Thursday, June 8, 2023

Undead ashes, blowing in the wind



Vampire films have always been a favourite thrill of mine, to the point where I am weirdly annoyed that every time a vampire gets staked in some new movie or TV show, the undead instantly crumble away into fire, ash and dust.

It's too neat, and too tidy, and too easy. And stories about bloodsucking leeches in human form shouldn't be any of those things.

There is, obviously, a long history of cinematic vampires withering away when they are destroyed - Max Shreck's Nosferatu faded away to nothing in the daylight sun, and Christopher Lee's Count Dracula was always rotting away in gross technicolor when Peter Cushing got the upper hand.

But once the CGI technology came along to make it a whole lot easier, suddenly every vampire in every vampire film - from the lowest budget nonsense to blockbuster idiocy - was suddenly crumbling into instant dust.

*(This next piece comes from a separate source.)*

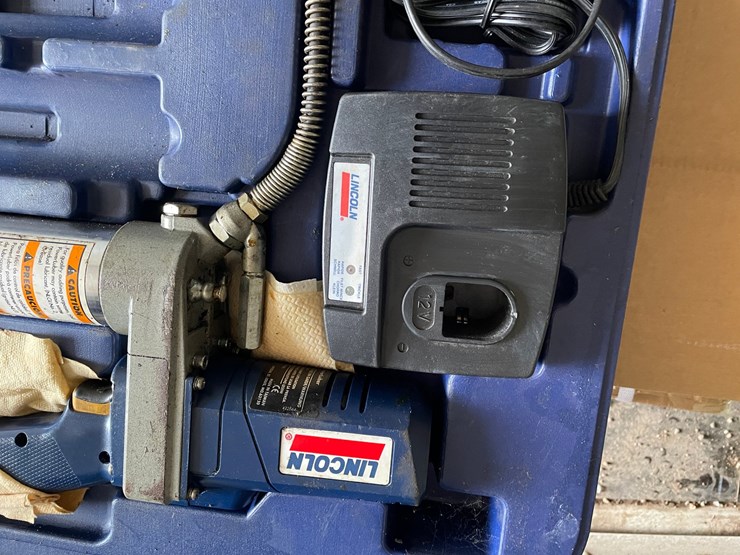 #5216-•-lincoln-battery-powered-grease-gun-image-4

It's usually an attempt to add some visual flair, but it also tidies things up too easily. It was even acknowledged that one of the main reason the vamps in Buffy The Vampire Slayer would dissolve into the dust of the grave when staked or decapitated was that they didn't have to worry about why there were a bunch of corpses being found all around the city.

I just always liked our heroes having to explain why all these dead bodies are lying around, instead of literally sweeping the remains away under a carpet and hoping nobody notices that an apparent human being has just completely vanished.

All that said, I will admit a personal fondness for the way the vampires in the True Blood TV show were destroyed, where a quick poke with a pointed stick and they would instantly explode in a shower of blood and gore. It was always shocking and gross as fuck, and left a hell of a mess behind.  

But monsters shouldn't be convenient, it's part of what makes them monsters. And there is always more dark comedy in the disposal than in getting out the dustpan.